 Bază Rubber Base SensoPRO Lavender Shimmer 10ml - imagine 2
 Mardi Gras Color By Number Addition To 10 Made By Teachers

※ ※ ※

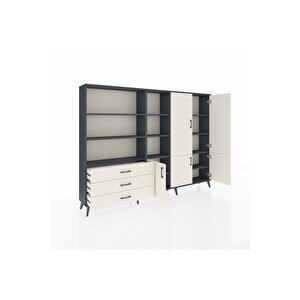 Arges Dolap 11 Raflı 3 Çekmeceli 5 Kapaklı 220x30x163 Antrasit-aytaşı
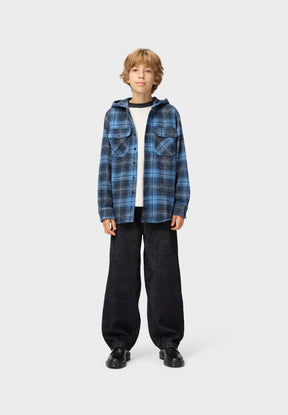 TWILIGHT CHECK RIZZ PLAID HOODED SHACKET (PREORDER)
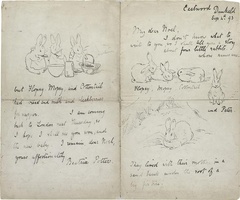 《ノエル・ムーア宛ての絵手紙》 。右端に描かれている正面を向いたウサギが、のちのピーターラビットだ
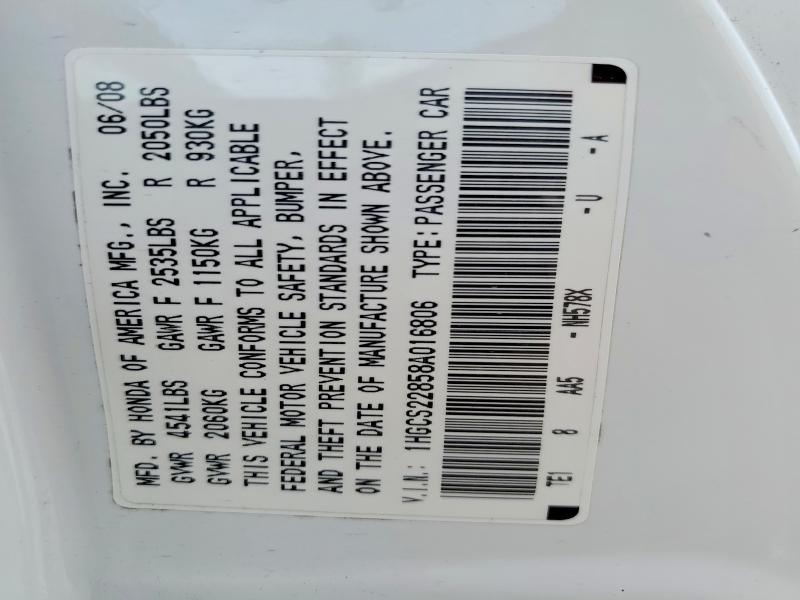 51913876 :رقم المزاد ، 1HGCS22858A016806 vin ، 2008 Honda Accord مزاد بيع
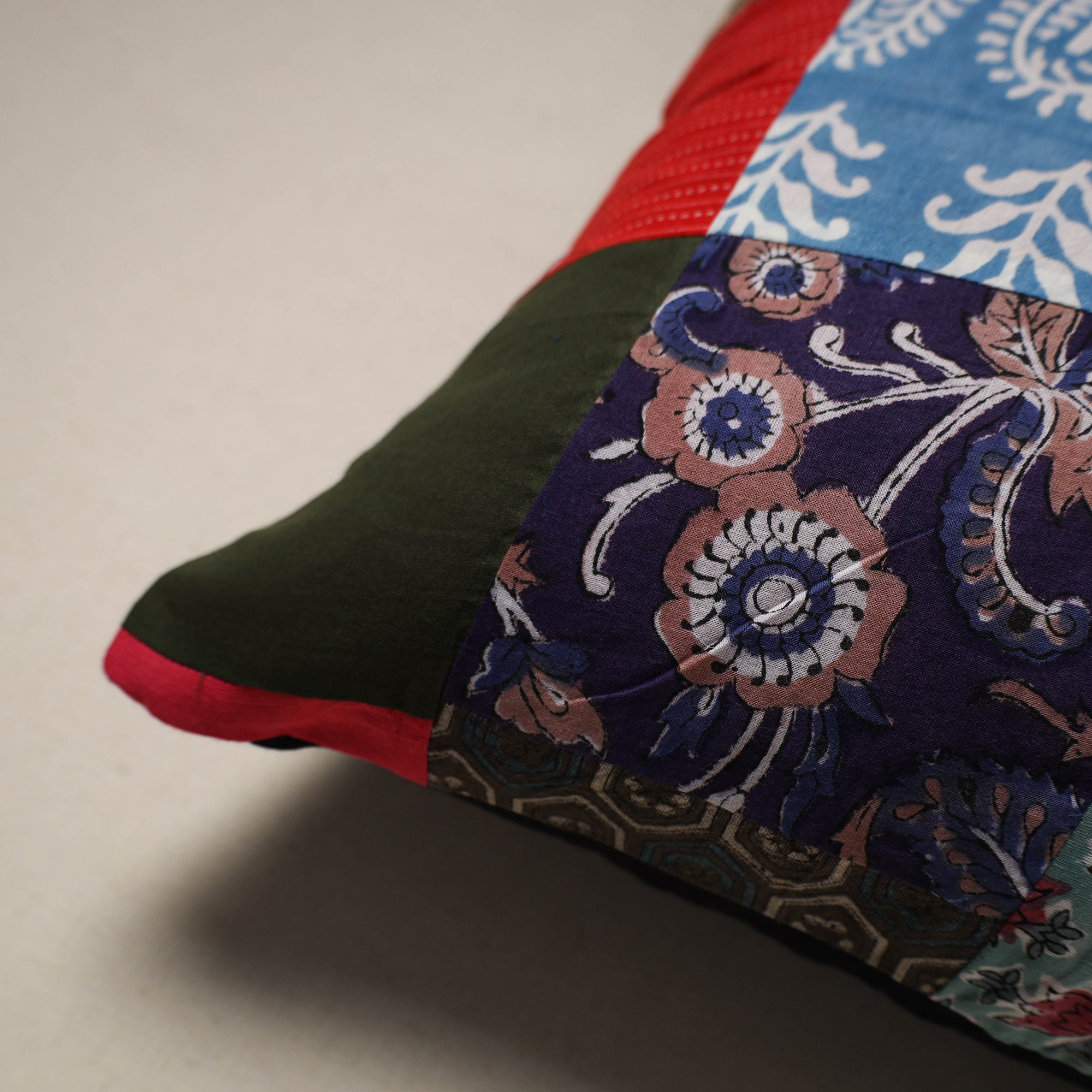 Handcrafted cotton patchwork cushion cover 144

※ ※ ※

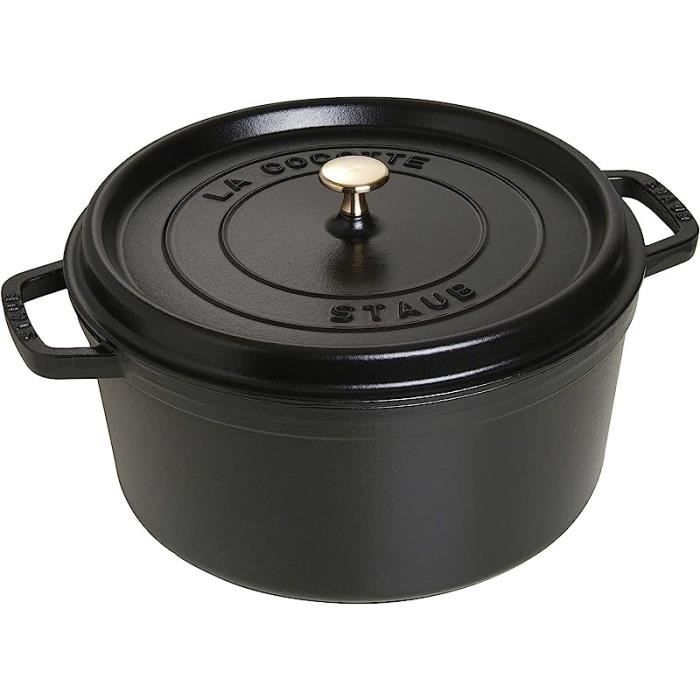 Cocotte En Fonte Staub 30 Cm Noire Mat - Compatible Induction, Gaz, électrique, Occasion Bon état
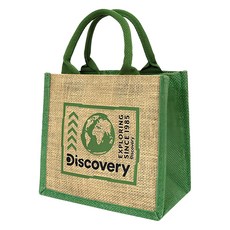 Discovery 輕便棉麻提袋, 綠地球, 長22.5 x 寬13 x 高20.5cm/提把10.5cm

※ ※ ※

* WHAT THE EXERCISE ASKS *
Would you please copy exactly the part of the entries above that begins at the line containing "Bază Rubber Base" and ends at the line containing "Mardi Gras Color", both lines included?

* REPLY *
 Bază Rubber Base SensoPRO Lavender Shimmer 10ml - imagine 2
 Mardi Gras Color By Number Addition To 10 Made By Teachers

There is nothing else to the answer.